Large-scale I/O Models for Traditional and Emerging HPC Workloads on Next-Generation HPC Storage Systems
Time: Fri 2022-04-29 15.00
Location: F3, Lindstedtsvägen 26 & 28, Stockholm
Subject area: Computer Science
Doctoral student: Wei Der Chien , Beräkningsvetenskap och beräkningsteknik (CST)
Opponent: Philip Carns, Argonne National Laboratory
Supervisor: Stefano Markidis, SeRC - Swedish e-Science Research Centre, Beräkningsvetenskap och beräkningsteknik (CST); Erwin Laure, SeRC - Swedish e-Science Research Centre, Parallelldatorcentrum, PDC, Beräkningsvetenskap och beräkningsteknik (CST); Artur Podobas, Beräkningsvetenskap och beräkningsteknik (CST)
The ability to create value from large-scale data is now an essential part of research and driving technological development everywhere from everyday technology to life-saving medical applications.
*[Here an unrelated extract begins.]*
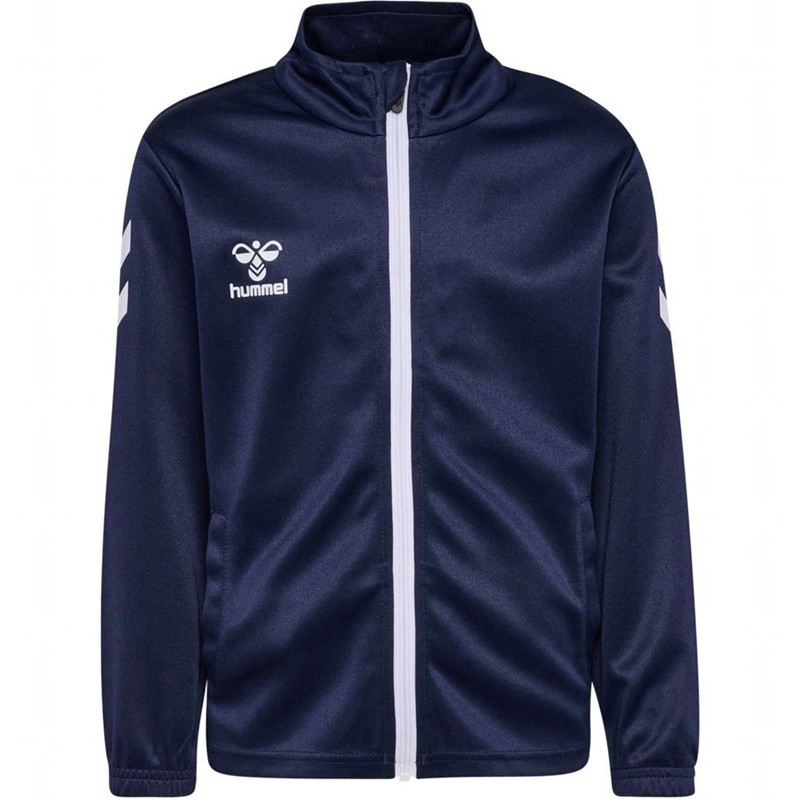 Vêtements De Sport Hummel Logo Suit Enfant Bleu Marine | 771644-122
In almost all scientific fields that require handling large-scale data, such as weather forecast, physics simulation, and computational biology, supercomputers (HPC systems) have emerged as an essential tool for implementing and solving problems. While the computational speed of supercomputers has grown rapidly, the methods for handling large-scale data I/O (reading and writing data) at a high pace have not evolved as much. POSIX-based Parallel File Systems (PFS) and programming interfaces such as MPI-IO remain the norm of I/O workflow in HPC. At the same time, new applications, such as big data, and Machine Learning (ML) have emerged as a new class of widely deployed HPC applications. While all these applications require the ingestion and output of a large amount of data, they have very different usage patterns, giving a different set of requirements. Apart from that, new I/O technologies on HPC such as fast burst buffers and object stores are increasingly available. It currently lacks a novel method to fully exploit them in HPC applications.
In this thesis, we evaluate modern storage infrastructures, the I/O programming model landscape, and characterize how HPC applications can take advantage of these I/O models to tackle bottlenecks. In particular, we look into object storage, a promising technology that has the potential of replacing existing I/O subsystems for large-scale data storage. Firstly, we mimic the object storage semantic and create an emulator on top of existing parallel file systems to project the performance improvement that can be expected on a real object store for HPC applications. Secondly, we develop a programming model that supports numerical data storage for scientific applications. The set of interfaces captures the need from parallel applications that use domain decomposition. Finally, we evaluate how the interfaces can be used by scientific applications. More specifically, we show for the first time, how our programming interface can be used to leverage Seagate's Motr object-store. Aside from that, we also showcase how this approach can enable the use of modern node-local hierarchical storage architectures.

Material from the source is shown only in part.